Data
○ ○ ○ ○ ○ ○ ○

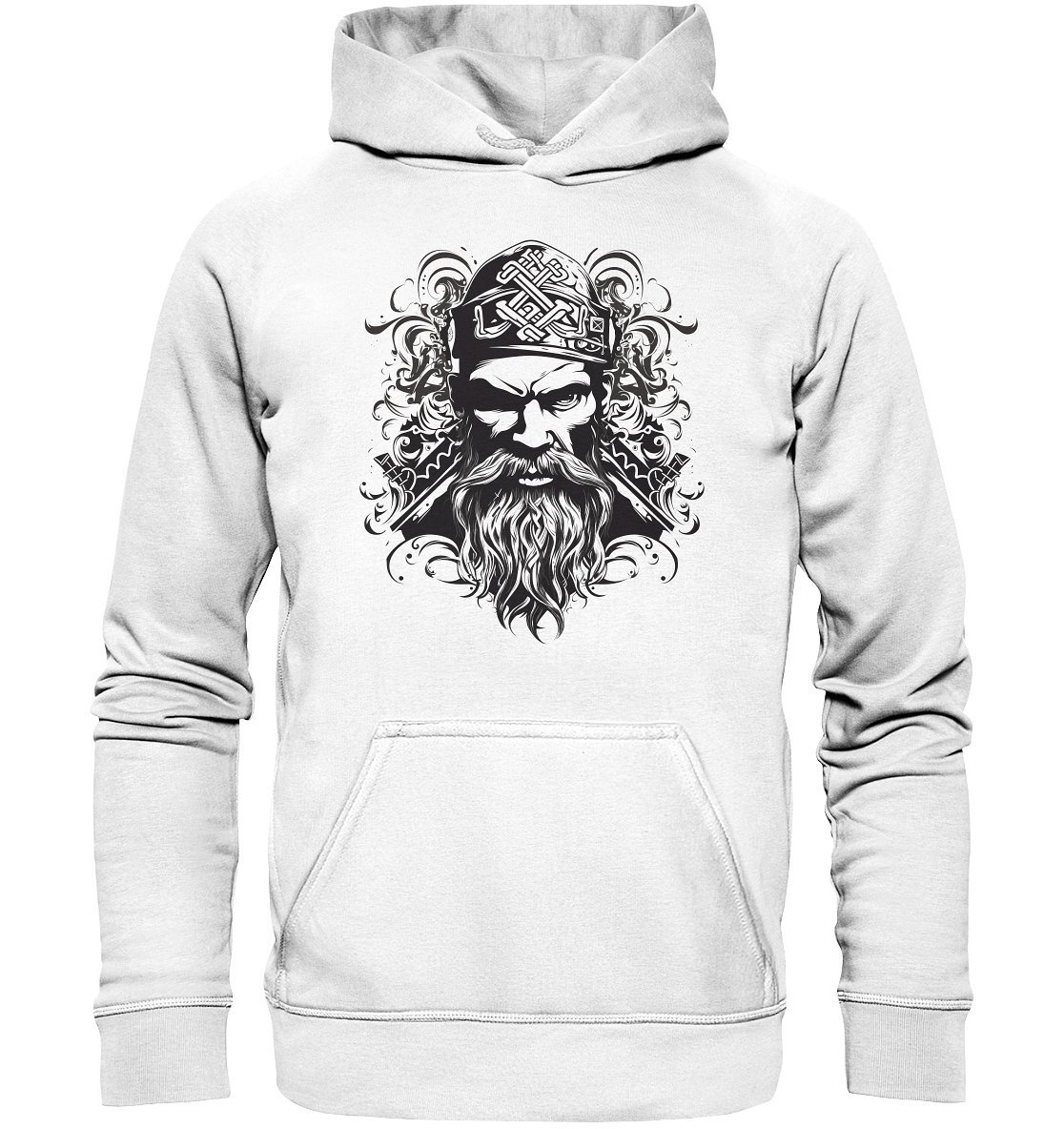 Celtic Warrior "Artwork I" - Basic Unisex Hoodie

○ ○ ○ ○ ○ ○ ○

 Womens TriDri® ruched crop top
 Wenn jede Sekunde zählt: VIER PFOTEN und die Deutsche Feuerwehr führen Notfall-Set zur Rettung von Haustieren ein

○ ○ ○ ○ ○ ○ ○

Taking the listing above as the source, transcribe only the lines starting at the line with "Womens TriDri® ruched crop top" and going through the line with "Wenn jede Sekunde", unaltered and with both ends included.

Response to this exercise
 Womens TriDri® ruched crop top
 Wenn jede Sekunde zählt: VIER PFOTEN und die Deutsche Feuerwehr führen Notfall-Set zur Rettung von Haustieren ein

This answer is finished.